== What the task asks ==
In the copy, leave out the pictures and repeat all records exactly.

== Material shown ==
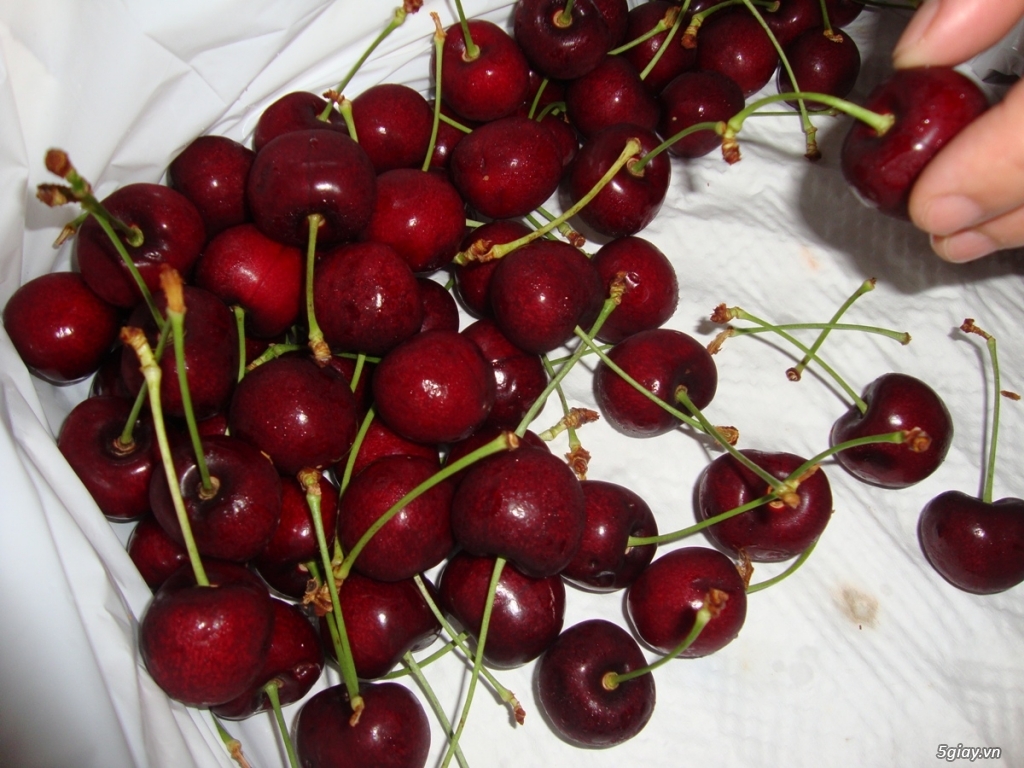 CHERRY MỸ - 14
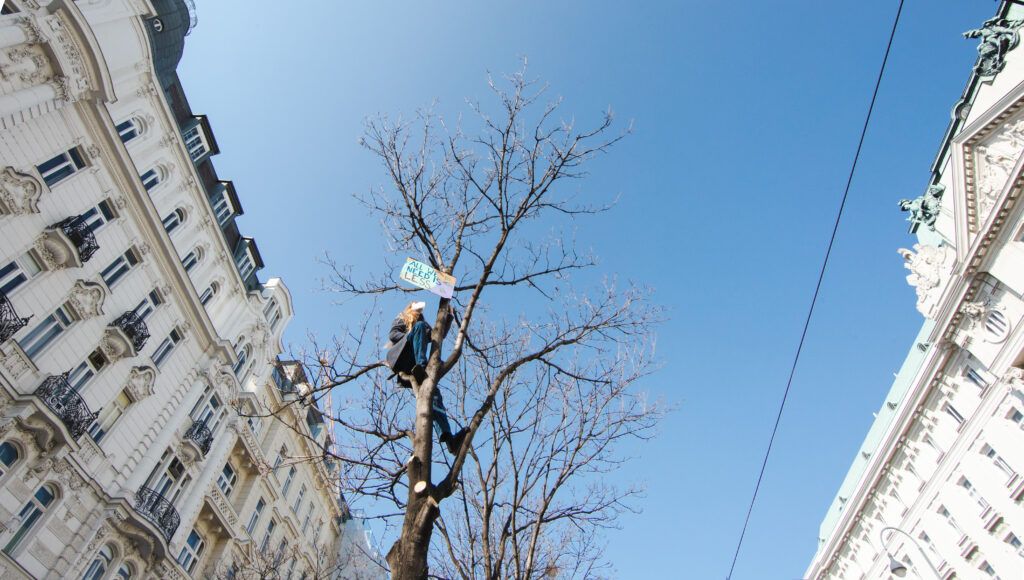 Weltweiter Klimastreik 2022 Wien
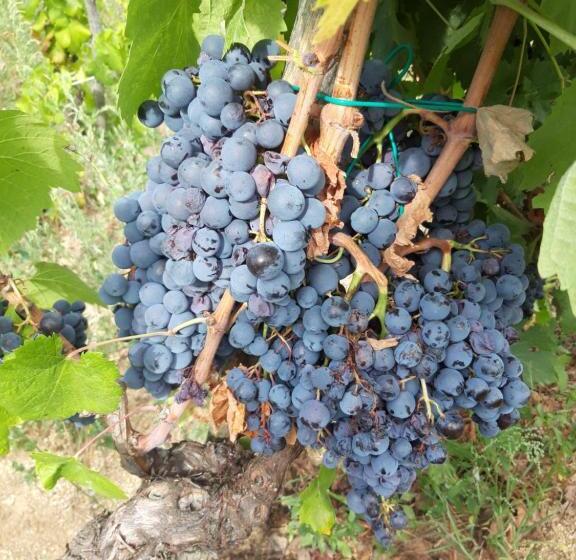 酒店 Fumu Ludurru Farm Stay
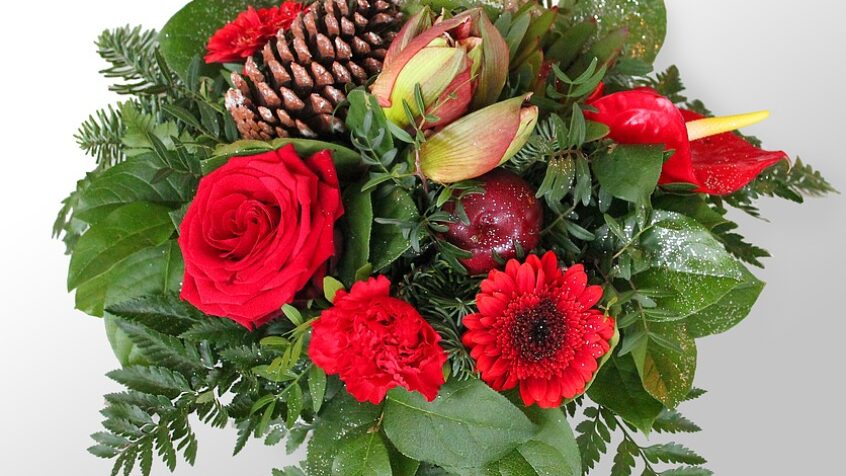 Les « fleurs » de Noël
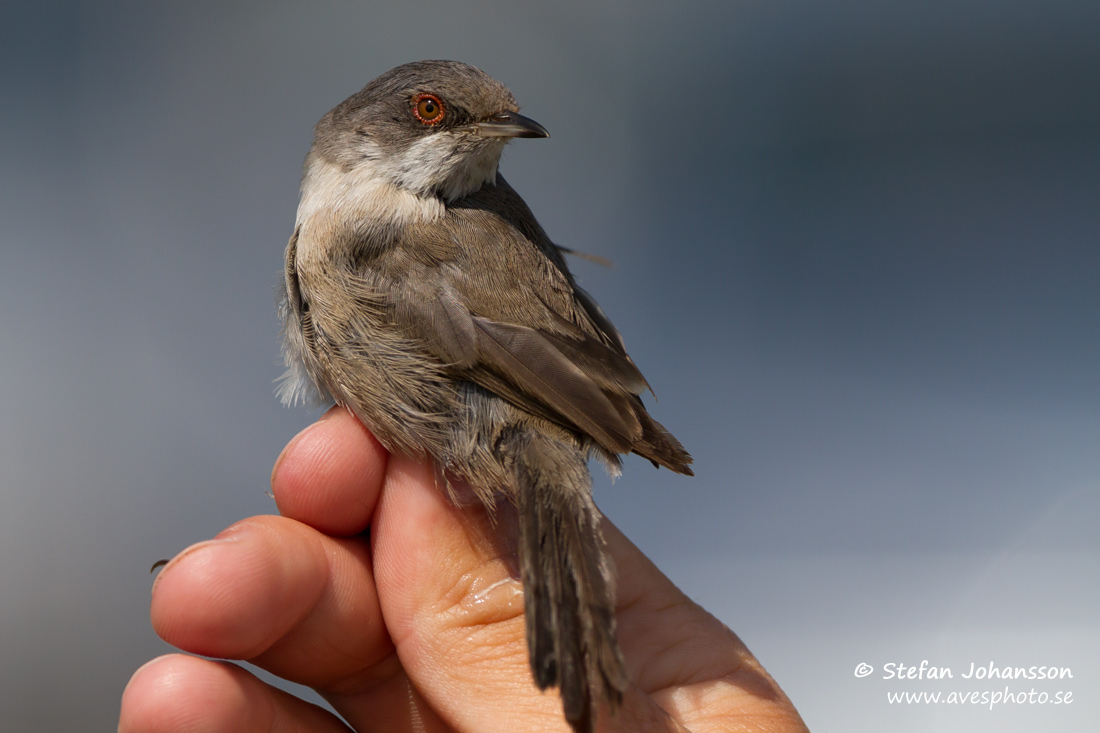 Sammetshtta / Sardinian Warbler Sylvia melanocephala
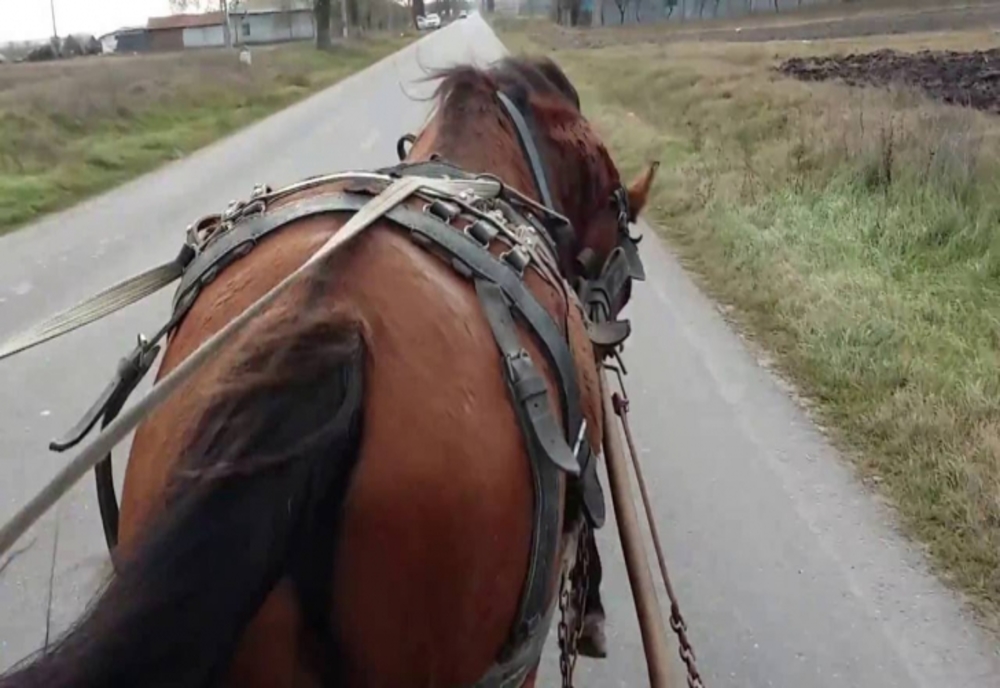 Un bărbat agresiv a furat o căruță cu doi cai de la o femeie și un minor, pe un drum din Cluj
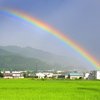 雨上がりのご褒美１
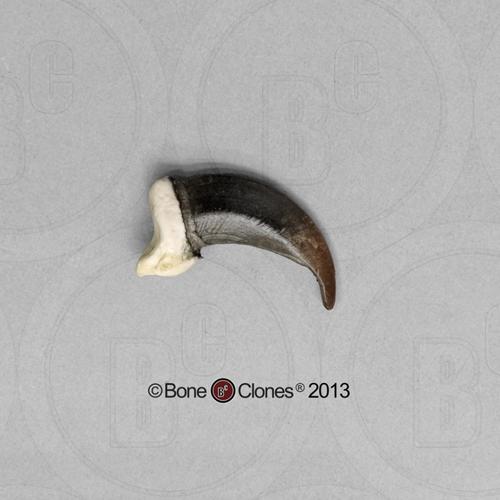 灰狼爪, wolf claw, credit by bone clone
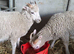 Ewe lamb and ram lamb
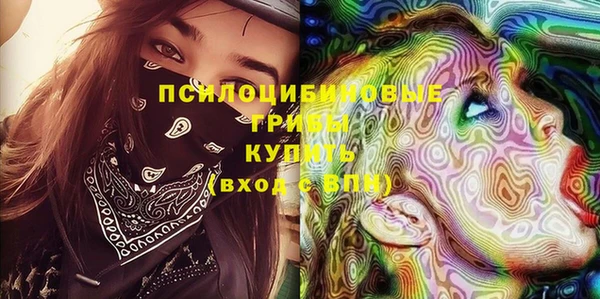 соль ск Алексеевка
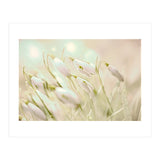 Enchanting Snowdrops (Print Only) thumbnail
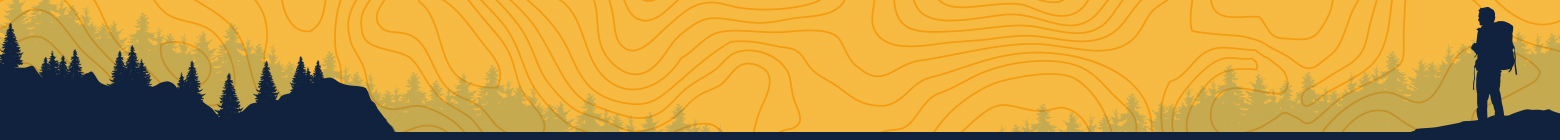 this graphic is an article breaker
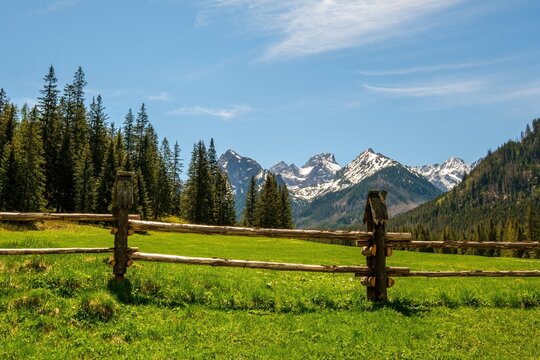 Scenic view of Bielovodska dolina in High Tatras, Slovakia. A vibrant green meadow with a rustic wooden fence in the foreground and majestic snow-capped mountain peaks under blue sky.
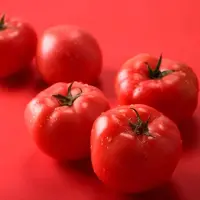 延秋西红柿栽培技术，延秋西红柿的播种时间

== Answer section ==
 CHERRY MỸ - 14
 Weltweiter Klimastreik 2022 Wien
 酒店 Fumu Ludurru Farm Stay
 Les « fleurs » de Noël
 Sammetshtta / Sardinian Warbler Sylvia melanocephala
 Un bărbat agresiv a furat o căruță cu doi cai de la o femeie și un minor, pe un drum din Cluj
 雨上がりのご褒美１
 灰狼爪, wolf claw, credit by bone clone
 Ewe lamb and ram lamb
 соль ск Алексеевка
 Enchanting Snowdrops (Print Only) thumbnail
 this graphic is an article breaker
 Scenic view of Bielovodska dolina in High Tatras, Slovakia. A vibrant green meadow with a rustic wooden fence in the foreground and majestic snow-capped mountain peaks under blue sky.
 延秋西红柿栽培技术，延秋西红柿的播种时间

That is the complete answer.